_TASK DETAILS_
Where does the string "White" occur in the records? Copy each line that holds it.

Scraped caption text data
>>>>

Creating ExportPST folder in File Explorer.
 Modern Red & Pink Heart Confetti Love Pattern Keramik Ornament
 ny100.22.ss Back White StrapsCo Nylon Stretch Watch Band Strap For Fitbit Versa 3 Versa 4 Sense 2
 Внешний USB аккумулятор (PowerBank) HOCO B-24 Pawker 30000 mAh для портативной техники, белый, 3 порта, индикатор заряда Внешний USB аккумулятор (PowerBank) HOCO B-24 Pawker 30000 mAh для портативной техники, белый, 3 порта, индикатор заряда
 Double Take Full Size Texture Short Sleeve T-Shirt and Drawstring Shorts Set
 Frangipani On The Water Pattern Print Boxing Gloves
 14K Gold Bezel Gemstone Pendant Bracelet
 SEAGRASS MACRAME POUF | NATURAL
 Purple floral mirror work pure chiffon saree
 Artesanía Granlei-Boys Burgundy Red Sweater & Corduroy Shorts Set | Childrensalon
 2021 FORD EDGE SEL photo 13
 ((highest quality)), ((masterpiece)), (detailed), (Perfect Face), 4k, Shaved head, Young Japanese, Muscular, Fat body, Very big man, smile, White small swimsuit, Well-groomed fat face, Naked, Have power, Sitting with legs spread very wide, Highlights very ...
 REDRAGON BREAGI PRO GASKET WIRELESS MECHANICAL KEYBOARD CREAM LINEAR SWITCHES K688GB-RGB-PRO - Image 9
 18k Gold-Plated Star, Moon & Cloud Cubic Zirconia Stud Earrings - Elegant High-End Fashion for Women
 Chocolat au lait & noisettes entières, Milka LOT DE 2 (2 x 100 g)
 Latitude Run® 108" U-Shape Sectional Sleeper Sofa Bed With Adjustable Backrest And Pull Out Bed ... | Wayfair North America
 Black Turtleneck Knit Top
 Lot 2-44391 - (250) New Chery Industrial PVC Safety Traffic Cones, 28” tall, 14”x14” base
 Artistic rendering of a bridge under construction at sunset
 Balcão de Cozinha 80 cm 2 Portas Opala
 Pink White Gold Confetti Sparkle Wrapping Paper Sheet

<<<<

_SOLVED PROBLEM_
 ny100.22.ss Back White StrapsCo Nylon Stretch Watch Band Strap For Fitbit Versa 3 Versa 4 Sense 2
 ((highest quality)), ((masterpiece)), (detailed), (Perfect Face), 4k, Shaved head, Young Japanese, Muscular, Fat body, Very big man, smile, White small swimsuit, Well-groomed fat face, Naked, Have power, Sitting with legs spread very wide, Highlights very ...
 Pink White Gold Confetti Sparkle Wrapping Paper Sheet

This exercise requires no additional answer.